### TASK DESCRIPTION
Repeat every line of the data exactly, but not the pictures.

### PROVIDED DATA
□ □ □ □
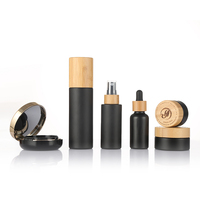 Set Kemasan Kosmetik Kaca Hitam Kustom dengan Tutup Bambu untuk Botol dan Stoples Perjalanan Label Pribadi Perawatan Kulit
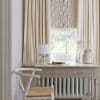 Cream pleated curtains framing a patterned Roman shade with branch motif; shade partially lowered, filtering soft daylight onto a pale wooden desk with lamp, chair, vases beside a garden view.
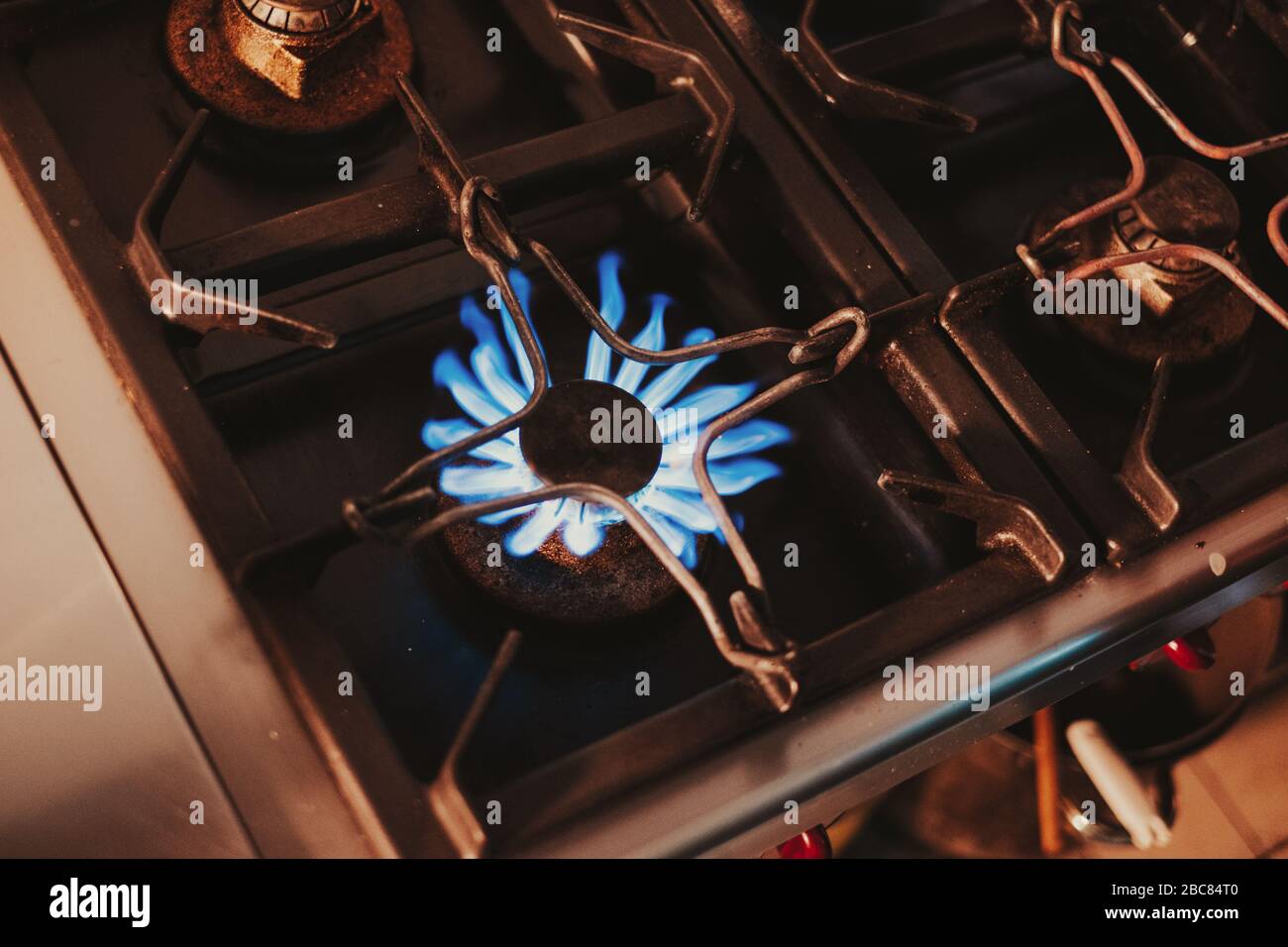 Kitchen gas stove blue flames Stock Photo Alamy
□ □ □ □
### EXERCISE RESULT
 Set Kemasan Kosmetik Kaca Hitam Kustom dengan Tutup Bambu untuk Botol dan Stoples Perjalanan Label Pribadi Perawatan Kulit
 Cream pleated curtains framing a patterned Roman shade with branch motif; shade partially lowered, filtering soft daylight onto a pale wooden desk with lamp, chair, vases beside a garden view.
 Kitchen gas stove blue flames Stock Photo Alamy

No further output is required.